▶ [Task] Will you write out, word for word, every line from the one with "What's up everybody, Jason" to the final line of the data below, with the pictures left out?

▶ [Input data]
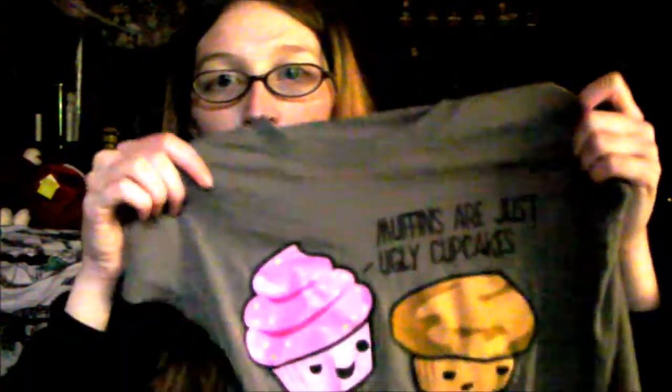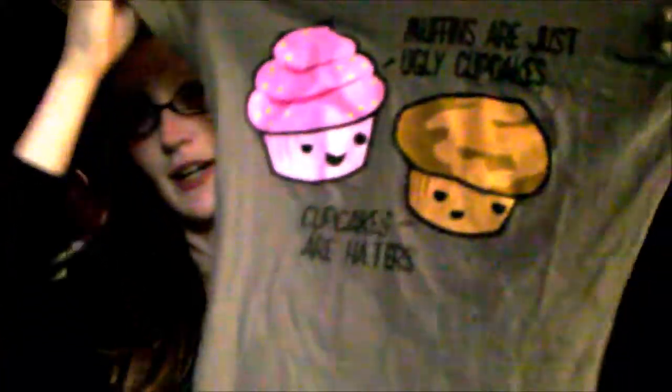The next item I'm going to sell is this shirt that says 'muffins are just ugly cupcakes' and 'cupcakes are just haters.' I've had this for a very long time but it will fit an extra small or small possibly, so I'm getting rid of it.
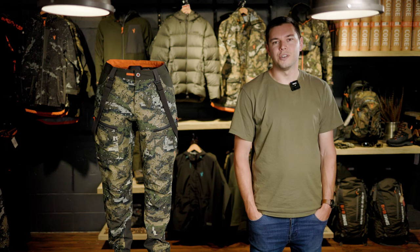We're going to run through waterproof pants and figure out which ones are best for your type of hunting, whether it's all day excursions in torrential weather or just backup packable options.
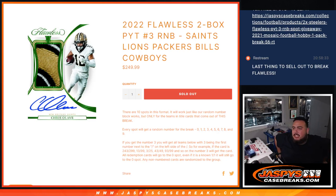What's up everybody, Jason here for jazbeescasebreak.com. We just sold out 2022 Flawless two-box picker team number three for the Saints, Lions, Packers, Bills, and Cowboys. Everybody gets a piece of these teams via a serial number break.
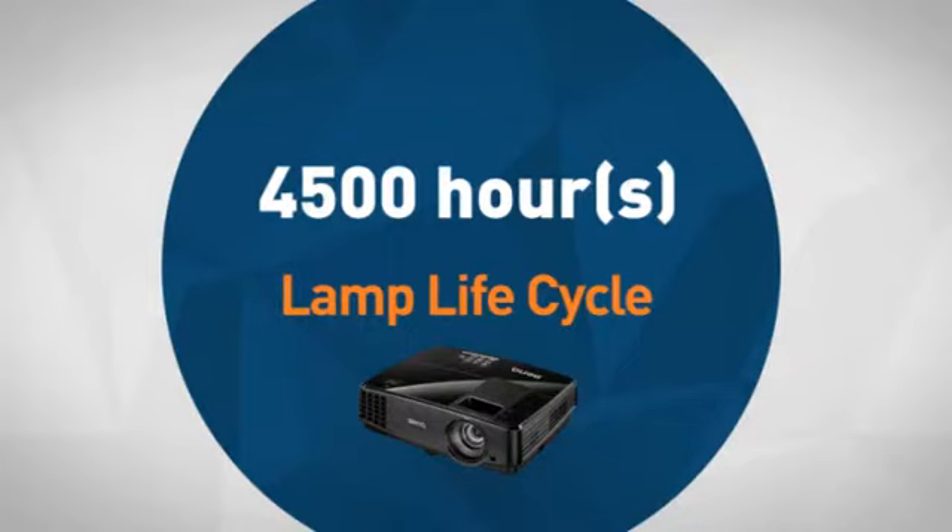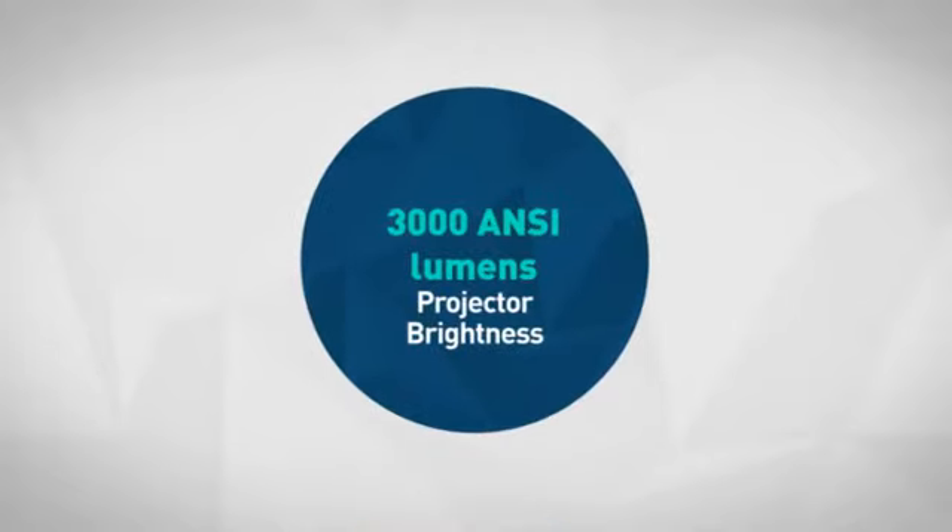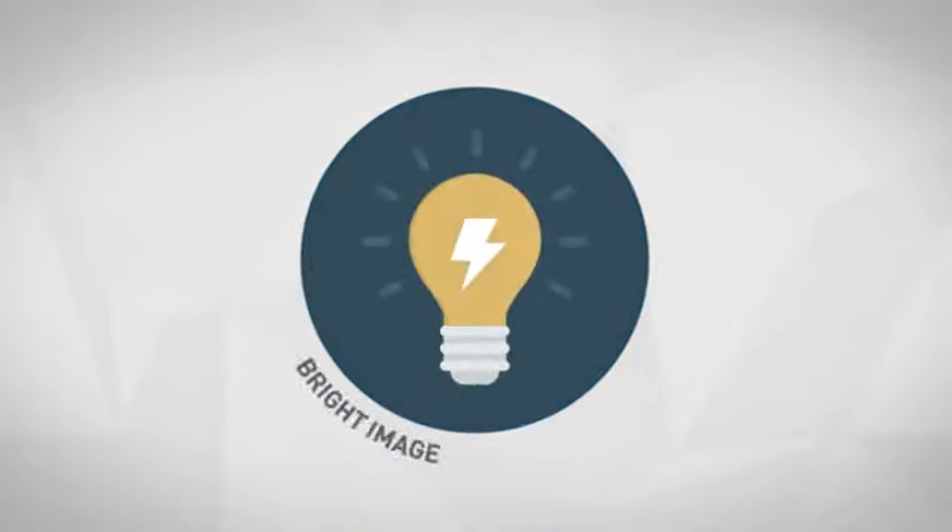Next, the durable lamp life cycle lets you enjoy it for a long time before replacement. Also, the impressive brightness figure allows you to get a bright image in most conditions.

▶ [Answer to this task]
What's up everybody, Jason here for jazbeescasebreak.com. We just sold out 2022 Flawless two-box picker team number three for the Saints, Lions, Packers, Bills, and Cowboys. Everybody gets a piece of these teams via a serial number break.
Next, the durable lamp life cycle lets you enjoy it for a long time before replacement. Also, the impressive brightness figure allows you to get a bright image in most conditions.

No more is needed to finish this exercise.